By Alan Morison and Chutima Sidasathian
PHUKET: Telephone contact between Rohingya living on Phuket and in Bangkok has been lost with relatives in Burma's Rakhine State, where mounting sectarian violence has led to an increased military presence. 
The small group of about 20 Rohingya Muslims on Phuket has become alarmed because this is the first time they can recall telephone contact being severed. 
Rohingya living in Bangkok have said they too are unable to contact relatives or friends inside Burma.
Mob attacks and reports of riots indicate that tensions are high between the Rohingya Muslim minority in Rakhine and the Buddhist majority. A state of emergency has been declared. 


The Rohingya lost their status in Burma in the 1980s with the military takeover and have been denied citizenship since, forcing thousands to flee oppression by putting to sea in flimsy vessels along the Andaman Sea coast, often attempting to sail past Thailand and Phuket to Malaysia.

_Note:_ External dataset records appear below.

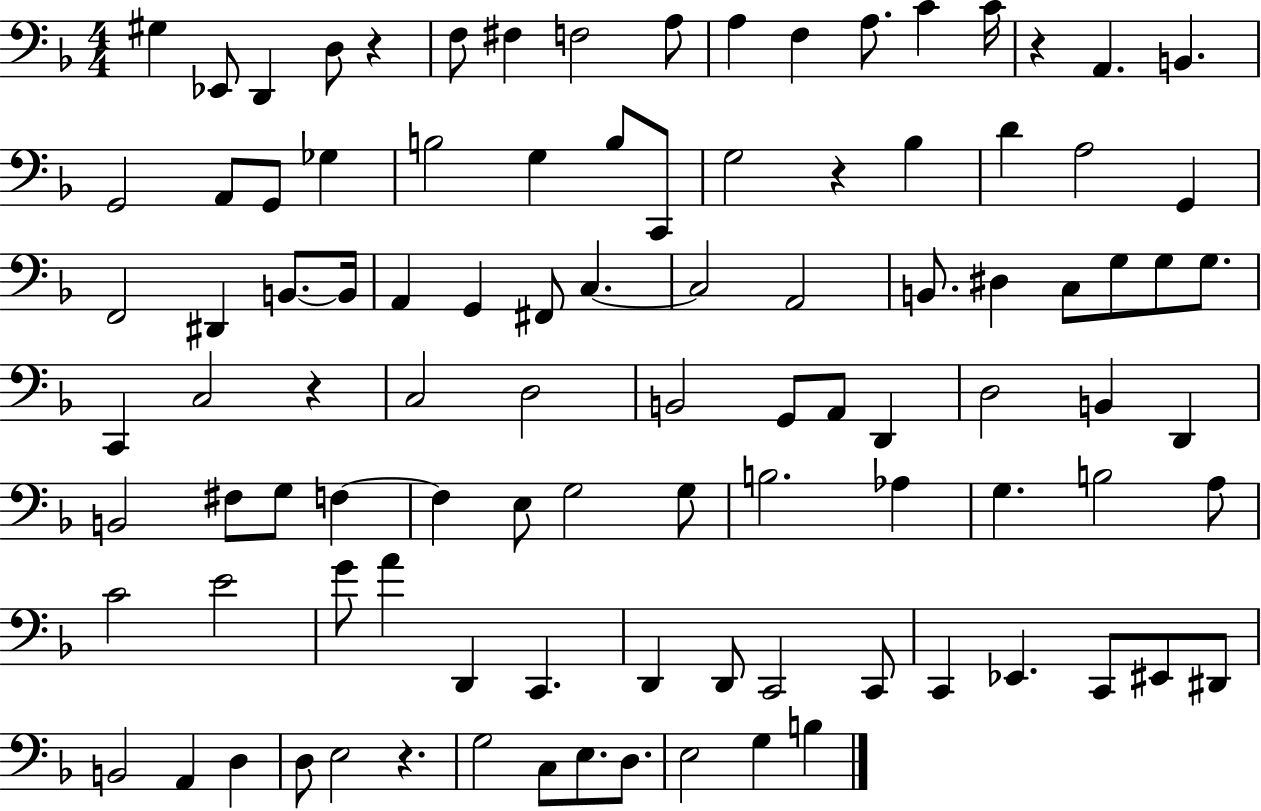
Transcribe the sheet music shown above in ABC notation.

X:1
T:Untitled
M:4/4
L:1/4
K:F
^G, _E,,/2 D,, D,/2 z F,/2 ^F, F,2 A,/2 A, F, A,/2 C C/4 z A,, B,, G,,2 A,,/2 G,,/2 _G, B,2 G, B,/2 C,,/2 G,2 z _B, D A,2 G,, F,,2 ^D,, B,,/2 B,,/4 A,, G,, ^F,,/2 C, C,2 A,,2 B,,/2 ^D, C,/2 G,/2 G,/2 G,/2 C,, C,2 z C,2 D,2 B,,2 G,,/2 A,,/2 D,, D,2 B,, D,, B,,2 ^F,/2 G,/2 F, F, E,/2 G,2 G,/2 B,2 _A, G, B,2 A,/2 C2 E2 G/2 A D,, C,, D,, D,,/2 C,,2 C,,/2 C,, _E,, C,,/2 ^E,,/2 ^D,,/2 B,,2 A,, D, D,/2 E,2 z G,2 C,/2 E,/2 D,/2 E,2 G, B,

In welcoming Burma's recent embrace of a more liberal and democratic outlook, the issue of the Rohingya and their statelessness has been put to one side by all nations aspiring to closer relations with Burma. 

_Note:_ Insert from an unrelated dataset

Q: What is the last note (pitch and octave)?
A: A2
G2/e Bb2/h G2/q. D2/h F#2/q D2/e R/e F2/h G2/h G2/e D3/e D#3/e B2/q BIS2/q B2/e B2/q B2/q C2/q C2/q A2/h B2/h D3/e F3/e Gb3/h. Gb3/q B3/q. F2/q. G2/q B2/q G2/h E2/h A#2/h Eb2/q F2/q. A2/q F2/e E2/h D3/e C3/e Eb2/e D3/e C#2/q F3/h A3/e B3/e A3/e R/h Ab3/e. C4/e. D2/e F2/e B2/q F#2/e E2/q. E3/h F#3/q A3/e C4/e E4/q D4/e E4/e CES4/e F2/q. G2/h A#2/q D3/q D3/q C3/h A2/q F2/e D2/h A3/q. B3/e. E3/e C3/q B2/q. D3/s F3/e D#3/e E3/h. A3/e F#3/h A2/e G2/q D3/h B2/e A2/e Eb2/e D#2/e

However, a number of people with sources in Rakhine State have pointed out that the new freedom of speech in Burma has encouraged denouncements of the Rohingya. 

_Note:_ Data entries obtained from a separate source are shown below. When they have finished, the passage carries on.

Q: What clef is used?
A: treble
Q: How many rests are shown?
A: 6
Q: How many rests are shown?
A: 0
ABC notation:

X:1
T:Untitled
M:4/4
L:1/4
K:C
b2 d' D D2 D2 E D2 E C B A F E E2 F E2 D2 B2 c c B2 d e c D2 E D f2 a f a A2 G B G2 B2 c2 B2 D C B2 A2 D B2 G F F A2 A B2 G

According to some sources, the Rohingya were brought to Burma by the British in the 19th century, when Burma was a colony. Other sources say the Rohingya have been in Burma for at least 400 years, and possibly as long as 700 years. 

Although the tribulations of the Rohingya were raised anew when Phuketwan and the South China Morning Post newspaper revealed in 2009 that boatpeople were being pushed back out to sea from Thailand in an inhumane fashion, all governments in the region have failed to confront and resolve the Rohingya issue. 

The result, rights organisations say, is that new-found freedom in Burma has given those who want the Rohingya to leave Burma a greater sense of entitlement. 

An increased number of Burmese security forces have been sent to Arakan after mob violence and riots which appear to have involved unjustifiable violence and killings on both sides since Friday.

Rohingya on Phuket say that when they last spoke to relatives in the region yesterday, their concerns were mounting. No contact has been possible today.